Return, exactly as written, the lines of the material from its top through the line with "2007 Mitsubishi Fuso", keeping pictures out.

*** THE RECORDS Section Begins ***

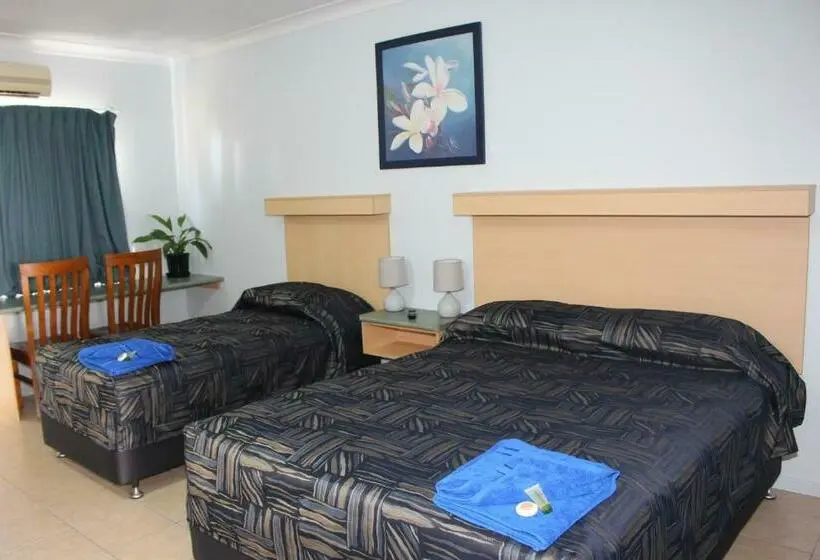 スタンダードルーム, Ti Motel Torres Strait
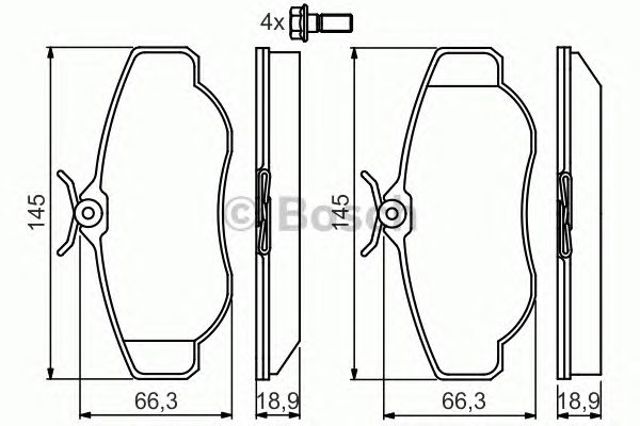 0986424565 Bosch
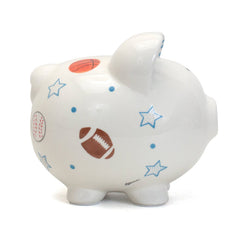 Sports Paper Star Bank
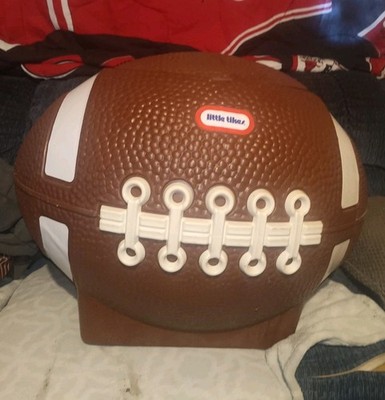 Little Tikes Football Toy Chest Little Tikes Vintage Football Toy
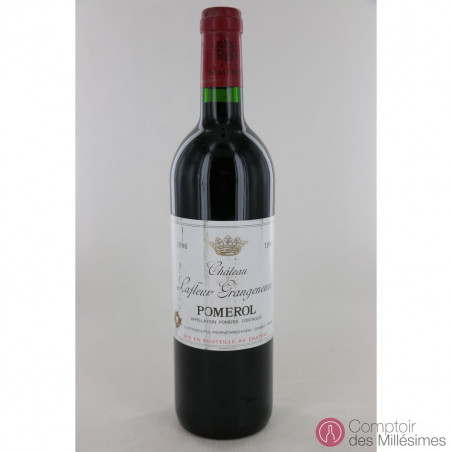 Château Lafleur Grangeneuve 1996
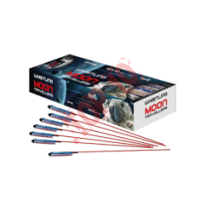 0445 Whistling Moon Travellers Rakietki Gwizdki (12zt. w opakowaniu)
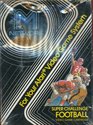 Football Atari cartridge scan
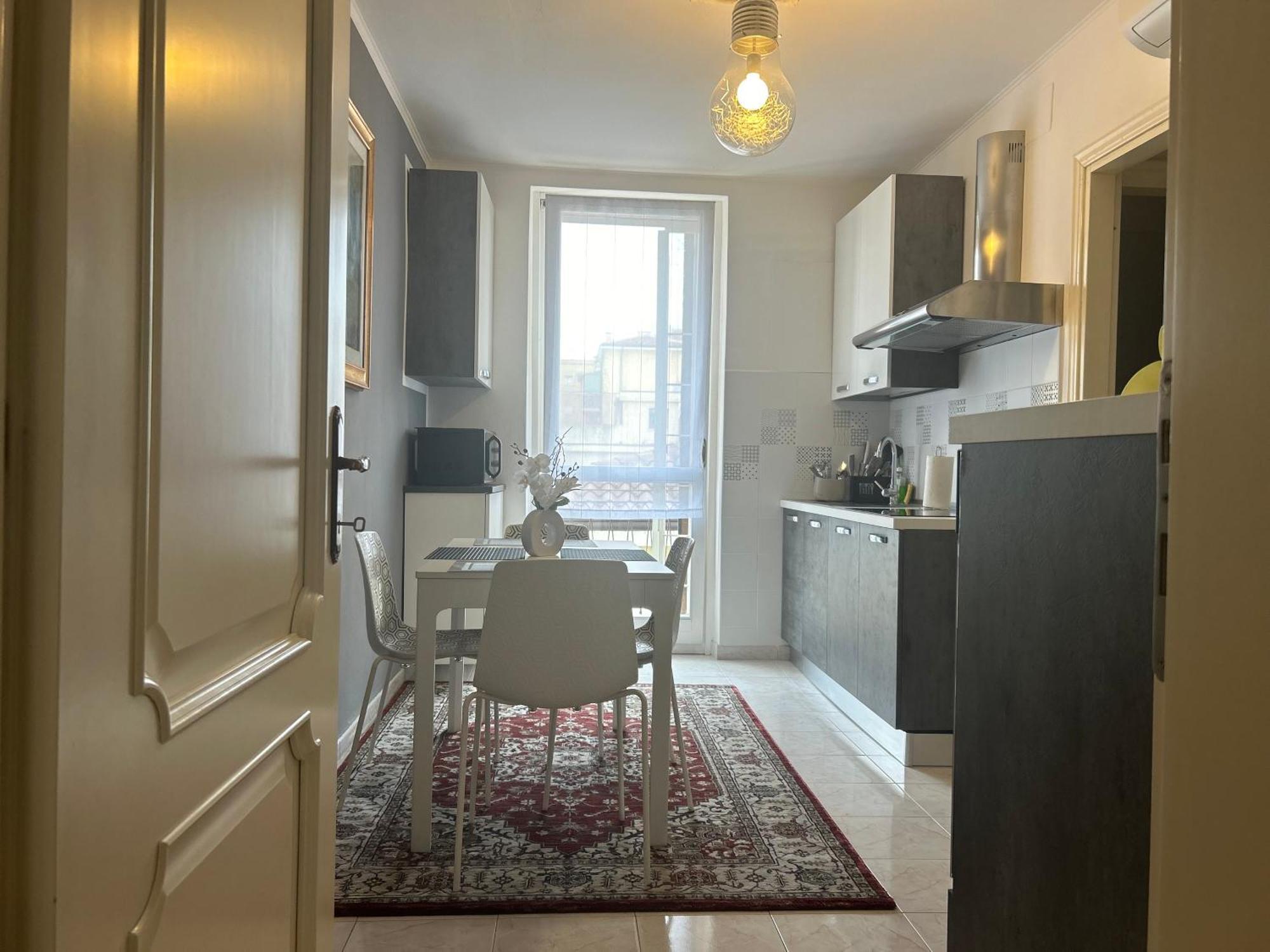 San Zeno Apartment Верона Екстер'єр фото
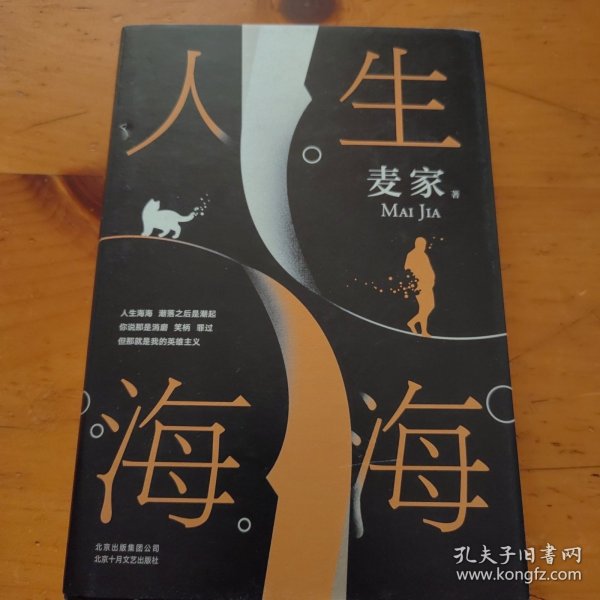 麦家：人生海海（茅盾文学奖得主麦家2019年强力之作）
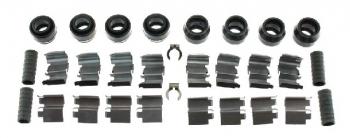 2007 Mitsubishi Fuso FE180 Disc Brake Hardware Kit Front Carlson 13548Q image 1 of 1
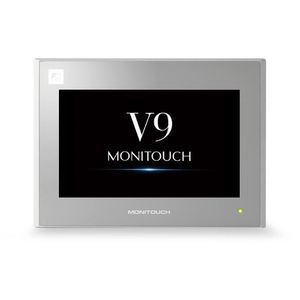 HMI con pantalla táctil capacitiva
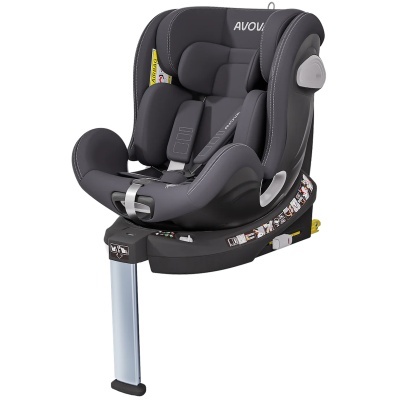Cadeira auto Avova Swan Fix Car Seat (RF:40/105 cm-FF:76/125 cm)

*** THE RECORDS Section Ends ***

### [TASK ANSWER]
 スタンダードルーム, Ti Motel Torres Strait
 0986424565 Bosch
 Sports Paper Star Bank
 Little Tikes Football Toy Chest Little Tikes Vintage Football Toy
 Château Lafleur Grangeneuve 1996
 0445 Whistling Moon Travellers Rakietki Gwizdki (12zt. w opakowaniu)
 Football Atari cartridge scan
 San Zeno Apartment Верона Екстер'єр фото
 麦家：人生海海（茅盾文学奖得主麦家2019年强力之作）
 2007 Mitsubishi Fuso FE180 Disc Brake Hardware Kit Front Carlson 13548Q image 1 of 1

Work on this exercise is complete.